# field force



## WVbeekeeper (Jun 4, 2007)

this is a picture i took of my bees working today around 3pm. the high today was around 65 degree. they are still bringing in pollen and the hives still smell of butterscotch. i have actually noticed some fresh goldenrod blooms around so i hope they are still gathering nectar.


----------



## Walliebee (Nov 17, 2006)

That's a wonderful pic! It's a great angle to see what's goin'on. I was watching my girls today too; the pollen was really comming in.

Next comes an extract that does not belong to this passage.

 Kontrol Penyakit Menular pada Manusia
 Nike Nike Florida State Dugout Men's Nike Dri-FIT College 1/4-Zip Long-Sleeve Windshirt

I think the bright yellow is goldenrod, while the darker yellow is aster. What do you think?


----------



## WVbeekeeper (Jun 4, 2007)

here's a pollen chart http://en.wikipedia.org/wiki/Pollen_source
they say bright yellow is pumpkin, reddish yellow is aster, and golden is goldenrod. i don't have much aster at all around here but i do have a lot of goldenrod. i would describe the goldenrod as either a dark yellow, golden, or like that crayon color "maize"


----------



## Jesus_the_only_way (Mar 17, 2006)

Love the pic. I'm having similar results here also.
Tom


----------



## SemoraBee's (Aug 14, 2007)

Noticed you said hives smell of butterscotch. What does this mean?
SemoraBee's


----------



## Chef Isaac (Jul 26, 2004)

goldenrod flow


----------